Occluding git merges

How to lose track of your work without realising it

Summary:

Git makes merging easy, but most tools around git aren't very informative about merges. A merge that clobbers the history of one or more of its parents can be a source of confusion at best, and a liability at worst. Have no fear, there's a script to detect them.

How to reproduce

git merge origin/shared-branch shared-branch
# screw up
git reset --hard HEAD
# Hmm, this seems alright now
git commit
git push origin shared-branch

Yes, it is definitely a case of PEBKAC. And I'm sure you would never do this. But that's not the issue here--the issue is that, if you or someone on your team does this, most of git's logging tools won't report it, and it's quite possible that it will go unnoticed for a long time.

Why git log and gitk won't report this (by default)

It helps to draw a set diagram of a two-way merge.

A diagram of a merge

A merge is a commit M that combines the changes present in two previous commits A and B. When combining, it resolves the changes present in both A and B, it includes the useful changes from both (iA, iB and the conflicted files c), and it may also discard bits from both (eA and eB). Finally, a merge commit can introduce changes of its own (m).

If you want to visualise the difference history of a two-way merge, you run into the problem that there are two sets of differences. The difference between M and A is {eA, m, c, iB}. The difference between M and B is {eB, m, c, iA}. The git log command will visualise this if you pass it the -m flag.

But what will it show if commit B is completely occluded? Well, the difference between A and M will be {m, eA}. The difference between A and B will be {iA, m, iB, eB}. c is of course, empty. A completely occluded merge commit will look very similar to a normal merge commit, containing much of the same files and differences. The biggest clue is that the difference between M and A is so small. And this difference will not be as pronounced when the merge only occludes a few files.

Why this is something to care about

Occlusions are invisible to most git tooling. git blame? Won't find it. git pickaxe? similarly useless. git bisect won't work either, because as far as git is concerned, the occluded branch represents a discarded part of the commit history.

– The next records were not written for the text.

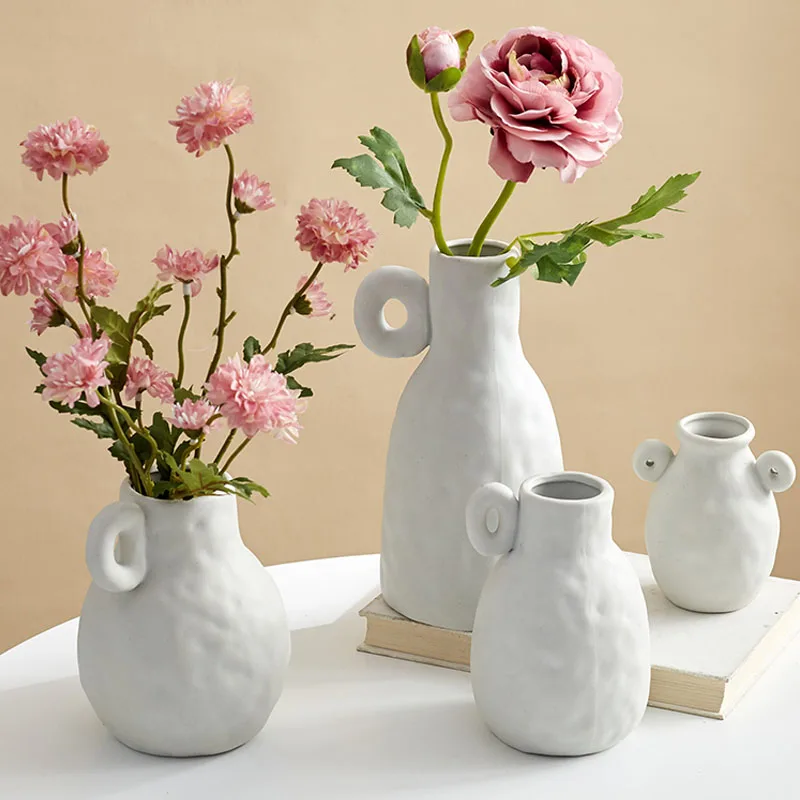 

Nordic Ceramics White Vase Ornaments Living Room Dining Table Flower Arrangement Dried Flower Vases Home Decoration Accessories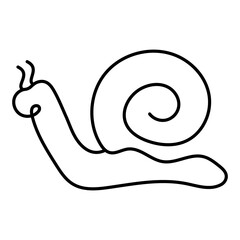 Fototapeta premium Snail Slow Living Monoline Icon Design. Represents Mindful Living, Slow Movement, Simplicity, Life Balance. Transparent PNG.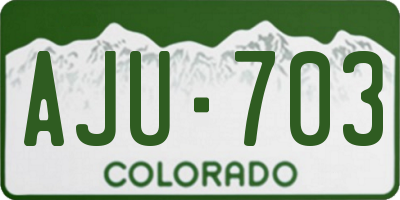 CO license plate AJU703
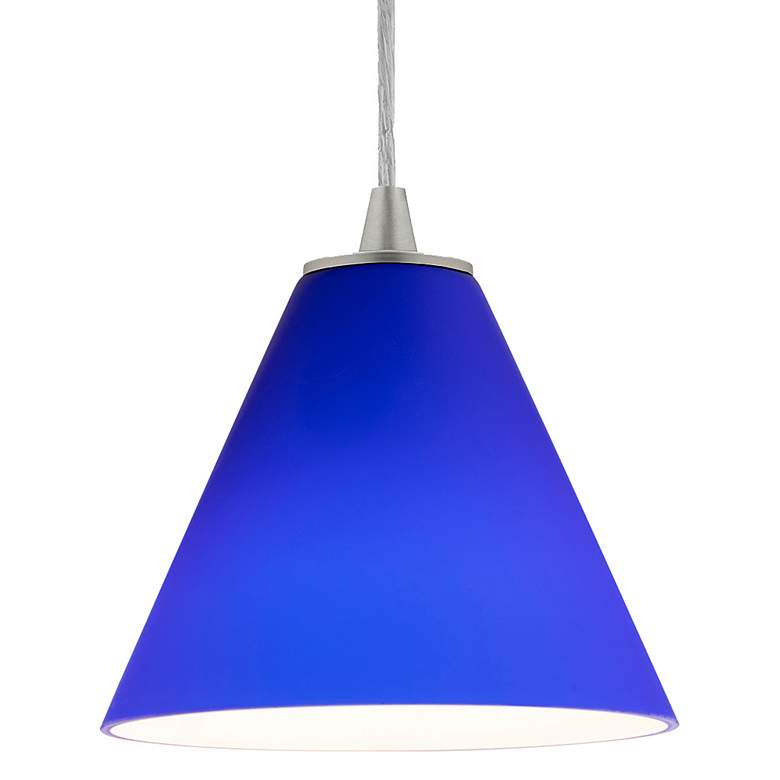 Image 4 Martini 7.25" Wide Brushed Steel Cord Hung Pendant w/ Cobalt Glass Sha more views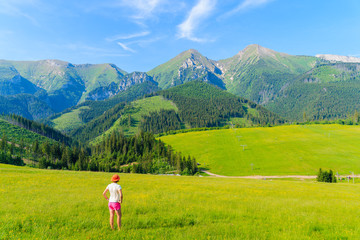 Fototapeta na wymiar Young woman tourist standing on green meadow with yellow flowers and looking at summer landscape of Tatra Mountains, Slovakia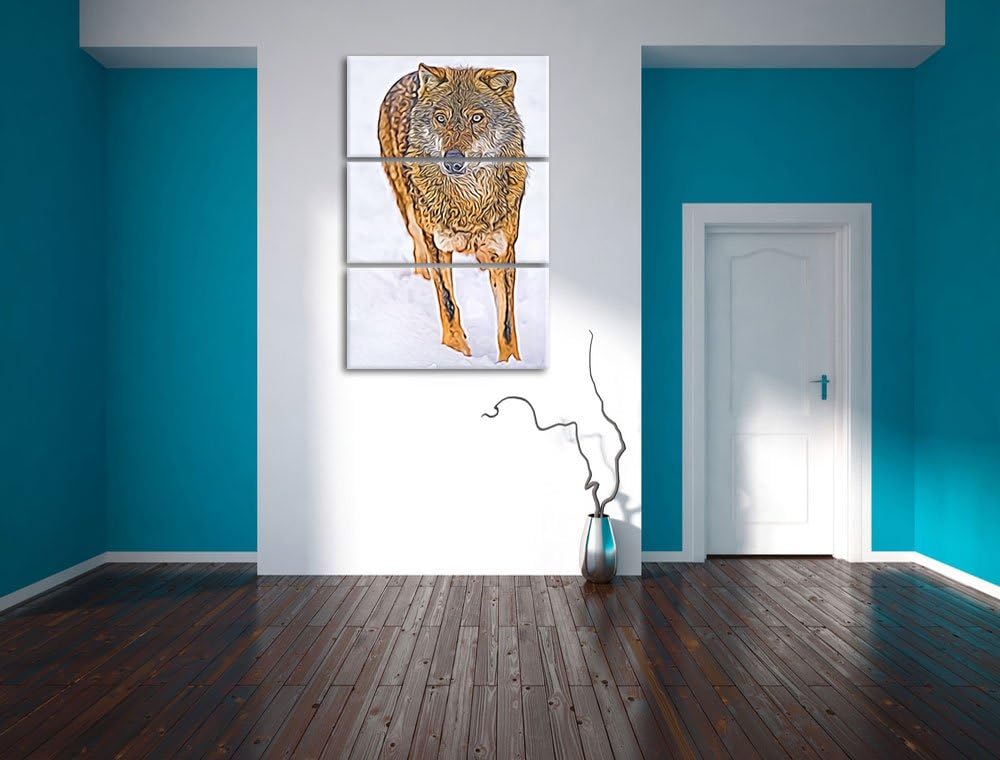 Wolf in Schneelandschaft Spezial 3-Teiler Leinwandbild 120x80 Bild auf Leinwand, XXL riesige Bilder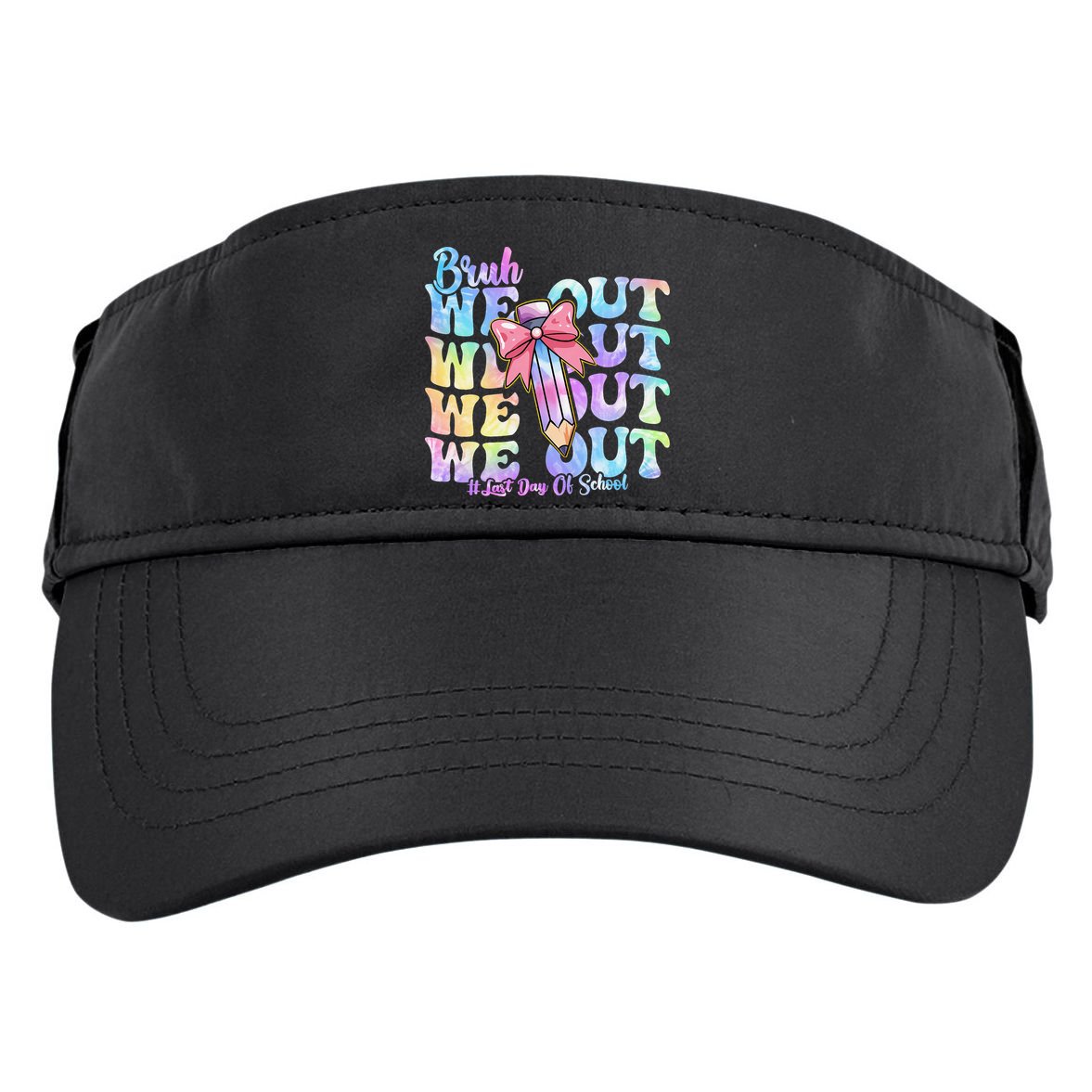 Bruh We Out Tie Dye Happy Last Day Of School Coquette Bow Adult Drive Performance Visor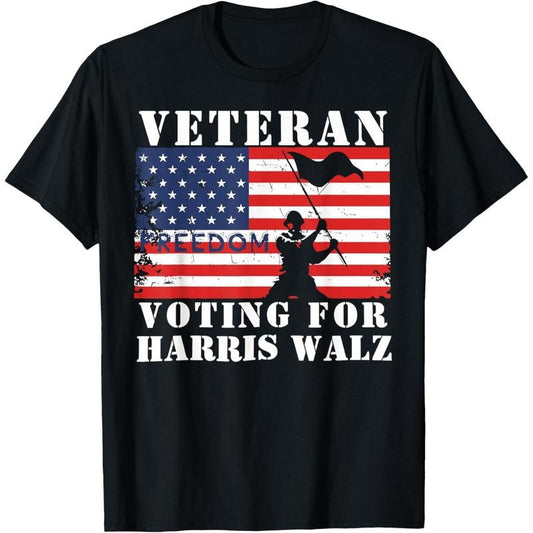 Veteran Freedom Voting for Harris Walz Waltz USA Flag T-Shirt made in usa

A clumsy co-worker can effortlessly 'undo' a lot of work, with almost nothing to alert the other developers. A malicious committer can easily revert security fixes—the logs will make it seem as if they never happened.

Of course, occlusion can be a perfectly valid choice in a merge. There's even an option to make git do it without prompting you: git merge -s ours. In practice, I've seen this happen accidentally several times, and I've found at least one similar tale of woe.

How to detect some occluding merges

The easiest way to look for occluding merges at the ‘resolution’ of a commit: if there is a merge commit M that is completely equal to parent A, this means that parent B is occluded. However, if the committer makes additional changes to the merge commit, possibly because they're unaware that git sees the pending commit as a merge, this approach fails.

We can ‘zoom in’ by looking at the merge-base O. The merge-base is the first commit that is an ancester of both A and B.

A merge including two parents and their merge-base

Now we can define occlusion at file resolution. If a file is modified between B and O it ought to be modified between M and O as well, unless it is occluded, intentionally or not.

If it is modified in the difference between O and M, is the difference equal to that between O and A? It is also occluded.

A script that looks at all merge commits and performs the first test is available here. It only performs the first test, because currently it is fairly slow already, particularly with msysGit. And just like the example on this page, octopus merge commits are not handled correctly yet.